There are two NFL-sized holes along the Michigan football team’s defensive line, glaring voids to be filled with no clear-cut replacements.
As Aidan Hutchinson and David Ojabo — both All-American edge rushers last season — set off for the NFL, they also leave an abundance of opportunity in their wake.
“Everybody in this group is realizing that,” junior defensive end Mike Morris said Monday. “Like, we need to step up, because we have to cover for two guys who made a lot of production last year. So everyone’s starting to realize that and starting to step up in their own way.”
Morris — who appeared in 14 games and drew four starts last season — feels that effort starts with him.
“I feel like I have no choice,” Morris said, his voice stern and confident. “You know, who else is it going to be? I feel like I’m holding myself to a standard. And it’s going to be me.
“… I want it to be me. I want to put myself in a position to make that play. I want to be that guy.”
Morris spent the early stages of the offseason prepping for his new role, less so preparing his body than adjusting his mental state. He changed his mentality, commencing the shift from an auxiliary piece who could rely on Hutchinson and Ojabo to make an impact play to someone who will need to carry the load himself.
Morris says the refined mentality will position himself to “take over the game.” According to those around him, he’s well on his way to doing just that.
“Mike Morris could be the next Aidan Hutchinson (or) Ojabo,” Michigan coach Jim Harbaugh waxed on March 7.
Added junior defensive tackle Mazi Smith: “Great player. Can play anywhere across the line, especially when he puts his mind to it. He’s going to have a great year — a great year.”
Over the past decade, Michigan has churned out edge rushers like a high-octane factory. Such a pipeline pays immediate dividends — through on-field production and NFL pedigrees — but also plays an equally important role behind the scenes. Players like Morris can hone their craft under the tutelage of future pros, biding their time until it becomes their opportunity to step into the limelight.

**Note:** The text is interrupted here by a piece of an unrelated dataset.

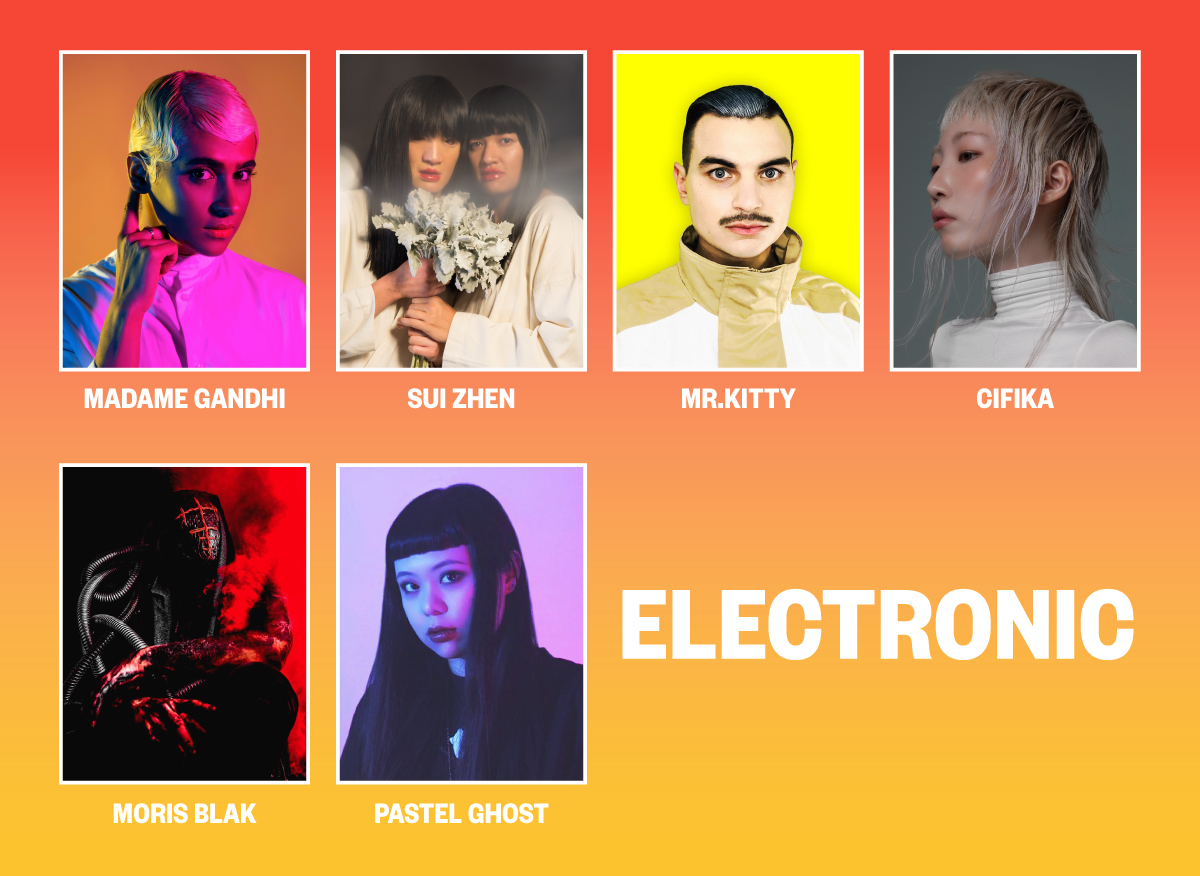 Electronic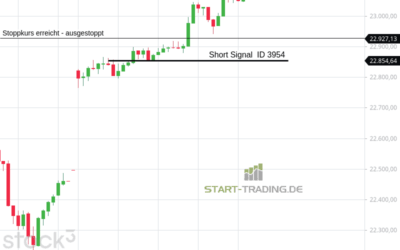 Signal ID 3954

During his freshman season in 2019, Morris did not see game action, buried behind the likes of Kwity Paye, Josh Uche and Mike Danna on the depth chart.
“It was definitely hard to take the backseat, but it was something that had to be done,” Morris says now, benefitting from three years of hindsight. “And I feel like it’s gonna be part of my story going forward. Me taking a step back and realizing like, I can do other things for the team — that definitely advanced my game to another level.”
Morris embraced his versatility, molding his body to play both inside and along the edge, squeezing as much playing time as possible. He put in extra hours in the film room, studying a variety of different players along the line to master different playstyles. And, in spite of the logjam in the trenches, Morris found his way onto the field and produced, making 17 total tackles in 2021.
“I could have been that guy like, ‘No, I don’t want to do that,’ ” Morris said. “… It made me just question myself and question what I wanted to do as a player and had to check my ego and just open my eyes.”
Now, seasoned and battle-tested, Morris is finally ready to assume the role that his predecessors trained him for.
Because in his eyes, there’s no longer an alternative.